İzninizle bu soruya, ben de bir soruyla yanıt vereceğim: Neden hiçbirimiz bir erkek yazara “Kendinizi maskülinist olarak tanımlıyorsunuz,” diye konuşmaya başlamıyoruz? Eğer edebiyatçılar; hayatlarını hikâye anlatmaya adayacak ve bunun için gerekirse sonuna dek mücadele etmeyi göze alacak kadar bu işi seven vicdanlı kişilerse -ki, ben böyle görüyorum- işte tam da burada “yazarın cinsiyeti” konusu ortaya çıkıyor çünkü kadınlara yazmak ve yayımlatmak gibi her çeşit entelektüel iş ve meslek, siyasi gücü elinde tutanlarca yüzyıllarca yasaklanıyor. Yüzyıllarca! Yazarın kadın olması durumu ve bizzat kendisinin de insan ve canlı olduğunu bilmesinden doğan bilinçli bir hak arayışının ortaya çıkması, ancak 20. yüzyıl ortalarını bulduğu için biz bugün feminizmden bahsetmek zorunda kalıyoruz. “İnsan hakları” denince yüzyıllarca sadece erkeklerin kabul gördüğü bir düzende yaşamaya zorlandığımız için bugün bunlarla uğraşmak ve hâlâ, hatta daima mücadele etmek zorunda kalıyoruz. Bunu kadının da insan olduğunu hatırlatmak için yapmak, insan uygarlığının ne denli çürük temeller üzerine kurulduğunun da bir kanıtı. Bu aslında sadece kadınların değil canı olan, yani “Yaşayan her şey canlıdır ve öncelikle yaşamak hakkına sahiptir”in mücadelesidir çünkü yüzlerce yıldır ağaçlar, su, toprak, hava, hayvanlar, çocuklar ve kadınlar sanki cansızmış, malmış gibi alınıp satılan; insanı köle, tabiatı ise mülk kabul edip bizlere dayatan erkek merkezli sistemin artık iflas ettiği devirde yaşıyoruz. Şimdi önümüzde iki yol var: Ya yok olacağız ya da tıpkı binlerce yıl önce her canlıya değer veren kadim kültürleri anımsayıp “Tabiatın efendisi beyaz erkek değil; tüm canlılar gibi, onlar ve bizler de tabiatın yalnızca parçasıyız” gerçeğine modern hayatlarımızı uygulayacağız. Bu bilgileri hem mitolojiden hem arkeolojiden hem de artık ilerleyen teknoloji sayesinde antropolojik çalışmalardan, sinir biliminden öğreniyoruz. 

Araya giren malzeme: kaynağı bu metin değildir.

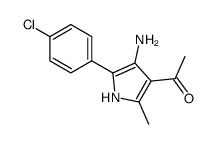 1-[4-Amino-5-(p-chlorophenyl)-2-methyl-1H-pyrrol-3-yl]ethanone picture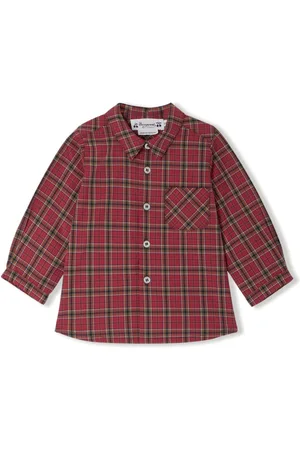 BONPOINT Malo plaid shirt
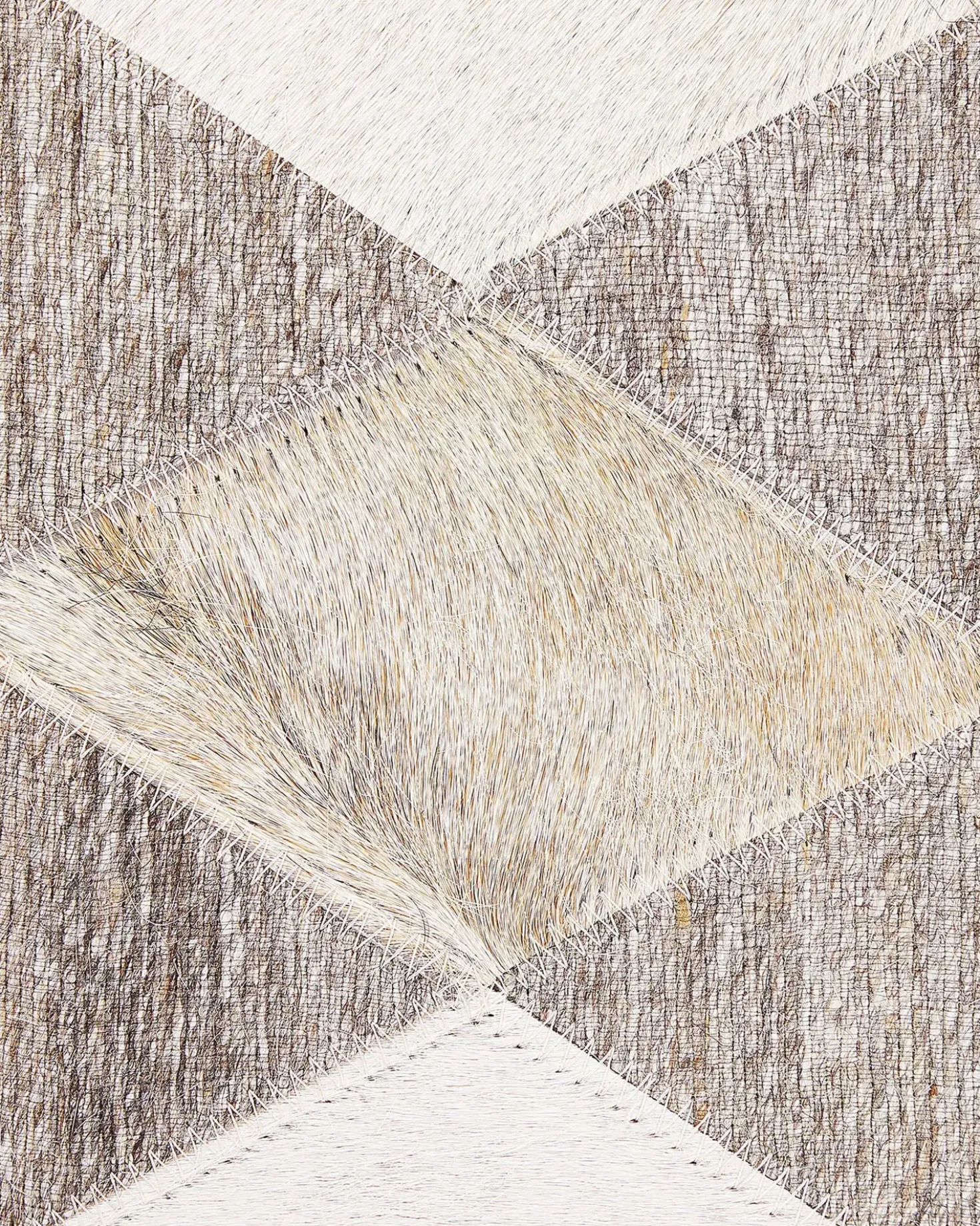 Tappeto SESLICE Beige 160 x 230 cm Pelle naturale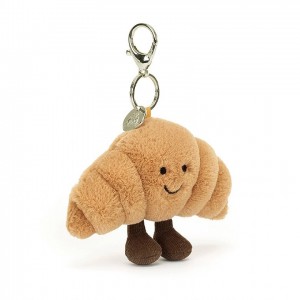 Jellycat Amuseable Croissant Bag Charm 16 CM X 13 CM | 508726WIU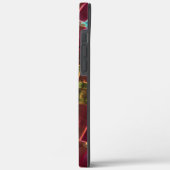 茶色と青の斑点のある彫刻されたワックス Case-Mate iPhoneケース (裏面 / 左)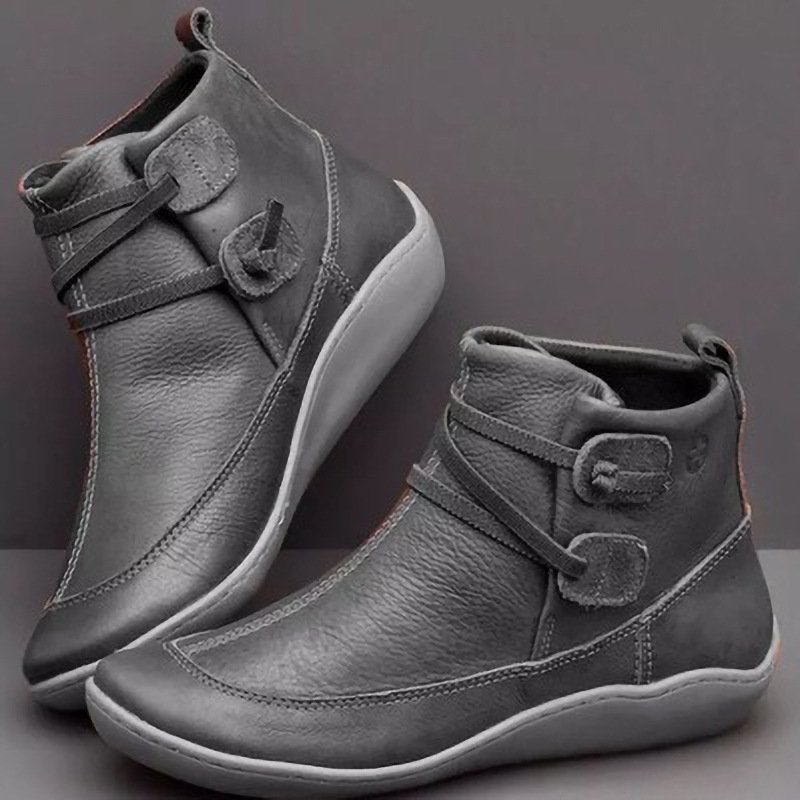 Autumn And Spring Boots For Women Lace-up Ankle Women's Shoes Fashion And Comfortable Boots For Women
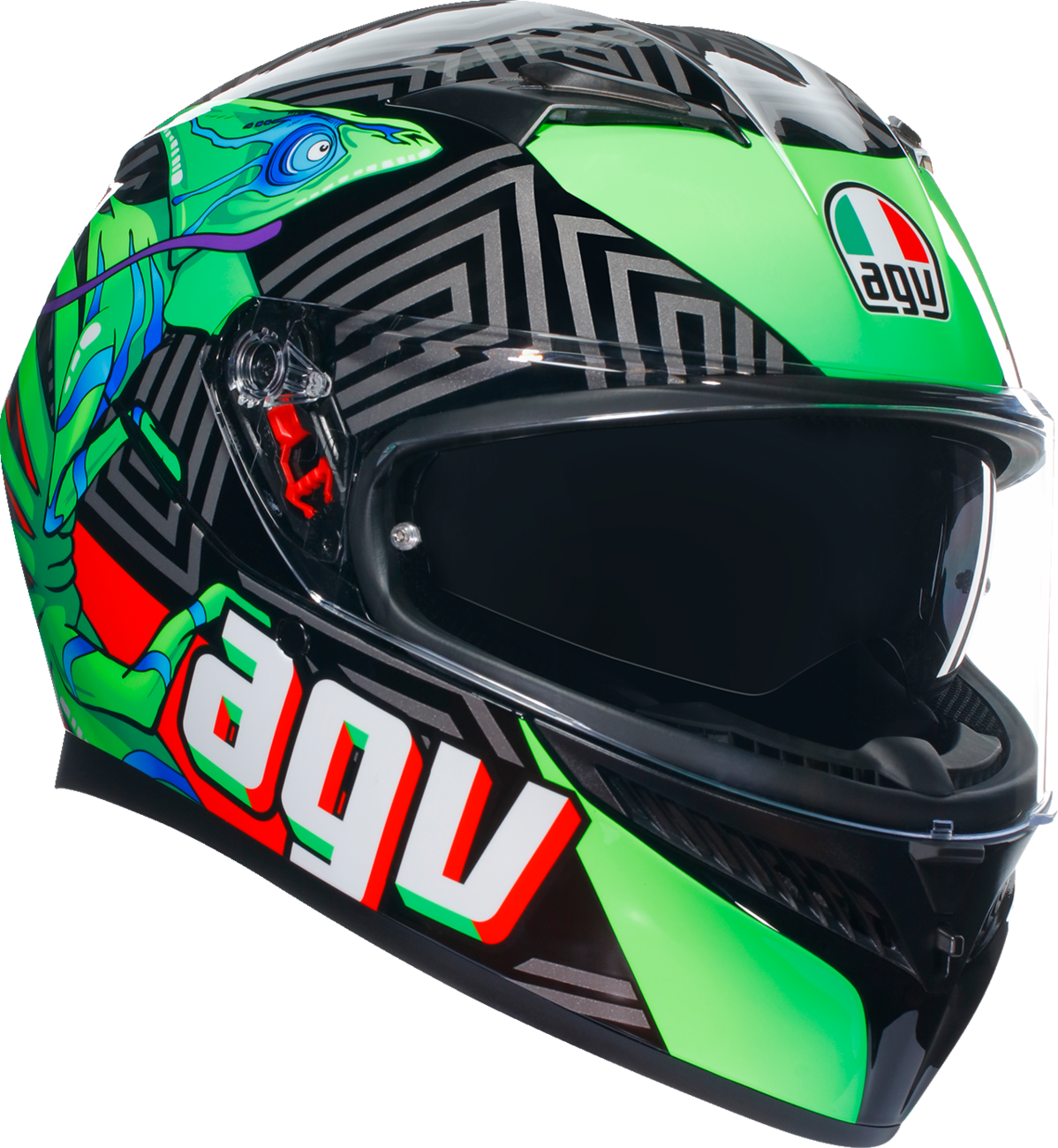 AGV K3 Helmet Kamaleon 2XL Black/Red/Green Part 21183810040132X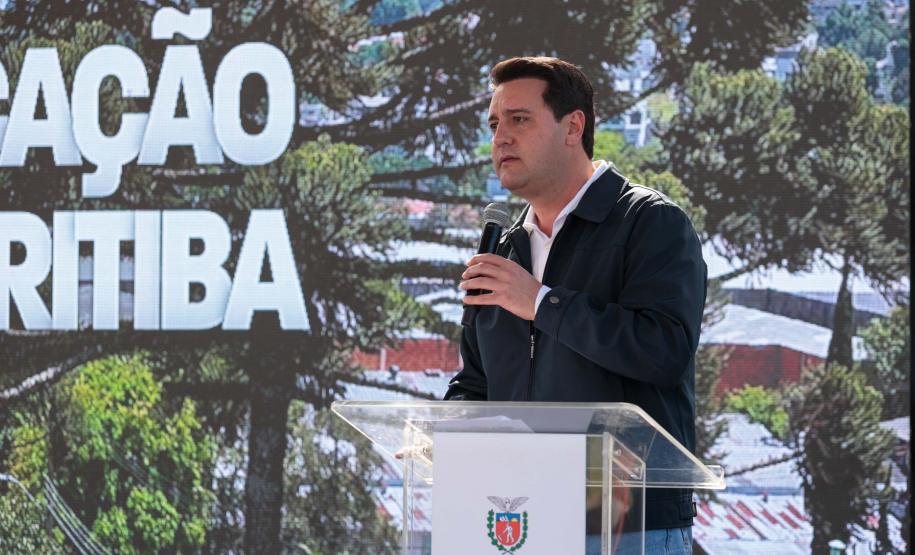 O governador Carlos Massa Ratinho Junior e o ministro dos Transportes, Renan Filho, participam nesta quarta-feira (18) do anúncio do início da duplicação do Contorno Norte de Curitiba.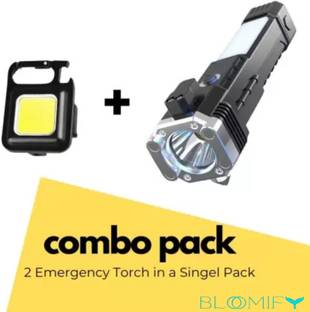 BloomiFy Window Glass Break & Seat Belt Cutter & Emergency Light Combo light 5 hrs Torch Emergency Light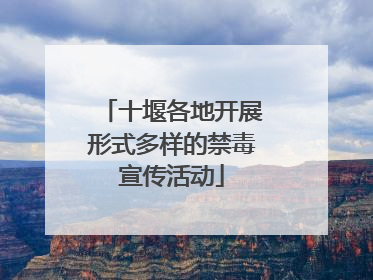 十堰各地开展形式多样的禁毒宣传活动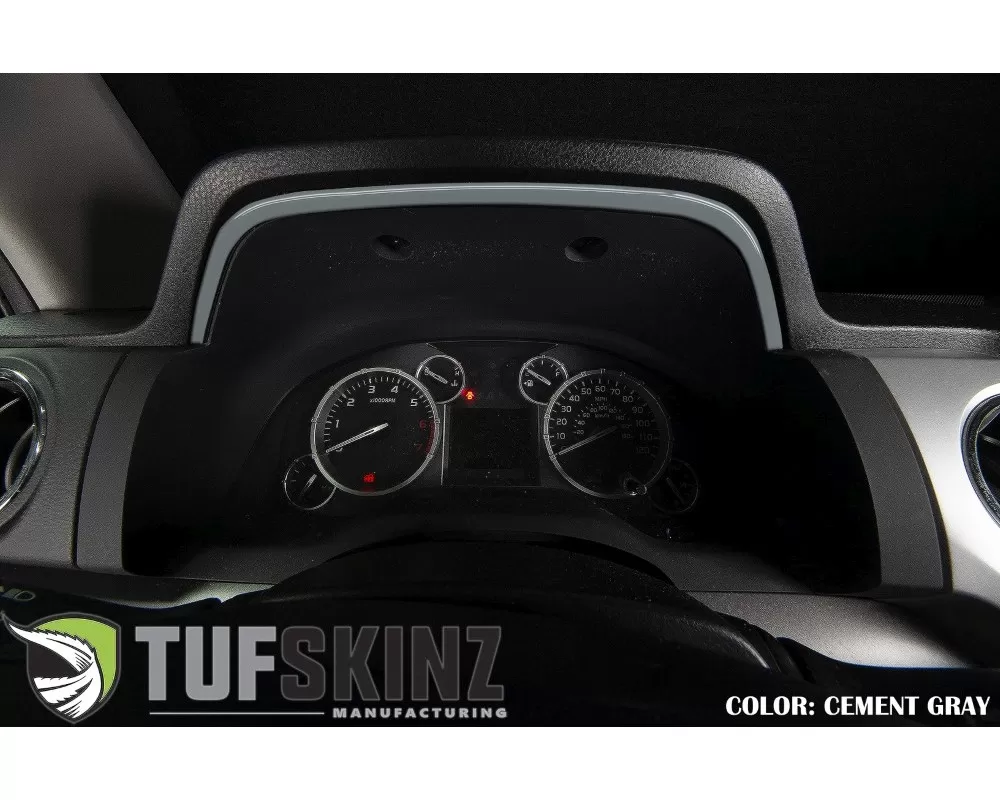 Tufskinz Dashboard Accent Trim Fits 2014-2020 Toyota Tundra 1 Piece Kit In Cement Gray - TUN033-GGY-G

Sorunuzun yanıtına dönersek, ben bunları çocukken pek bilincinde olmadan, liseden beri de bilerek ve isteyerek mesele edinen biriyim, bu yüzden hayatım boyunca hangi iş veya meslek alanında çalıştıysam onun merkezine hep bu meseleler yerleşti. Bir başka deyişle, birçok kadın yazar gibi ben de dünyayla ve kendimle, yazarak başa çıkmaya çalışan bir kadınım ve dolayısıyla zaafları ve güçleriyle var olan kadınların kahraman olduğu roman ve öyküler yazıyorum çünkü dünyanın her kültüründe öbür kızlar ve benim için güçlü, başarılı ve yenilgilerine rağmen vazgeçmeyen kadın rol modeli çok azdı ve hâlâ da azınlıkta. Ben bunun eksikliğini çekmiş kızlardan biriyim. Öte yandan şanslıyım çünkü annemin bana sık sık hayranlıkla anlattığı yazar Halide Edip ile Nobelli bilim insanı Madam Curie ve elbette annem, ilk kadın kahramanlarımdı. Üniversitedeyken yazar Sevgi Soysal ile Virginia Woolf kahramanlarımdı. Şimdi özellikle uzak kasabalarda çalışan kadın doktor, kadın hemşire ve kadın öğretmenler, tek başlarına vicdanlı evlatlar yetiştiren kadınlar kahramanlarım.

 

Yarattığınız kadın karakterler arasında belki de en dikkat çekeni, dörtlemedeki Defne Kaman. Defne sadece kadınlarla alakalı değil hemen her konuda duyarlı bir kadın gazeteci olarak karşımıza çıkıyor. Aynı zamanda ablası ve annesi gibi olmamakla, hatta çevresindeki pek çok kadın gibi olmamakla suçlanan, “uyumsuz” olarak görülen birisi. Bu karakter ilk olarak nasıl şekillendi? Su romanı 2012 yılında yayımlandı. O dönemin Türkiye’sinde sizi bu karakteri yaratmaya iten bir faktör oldu mu?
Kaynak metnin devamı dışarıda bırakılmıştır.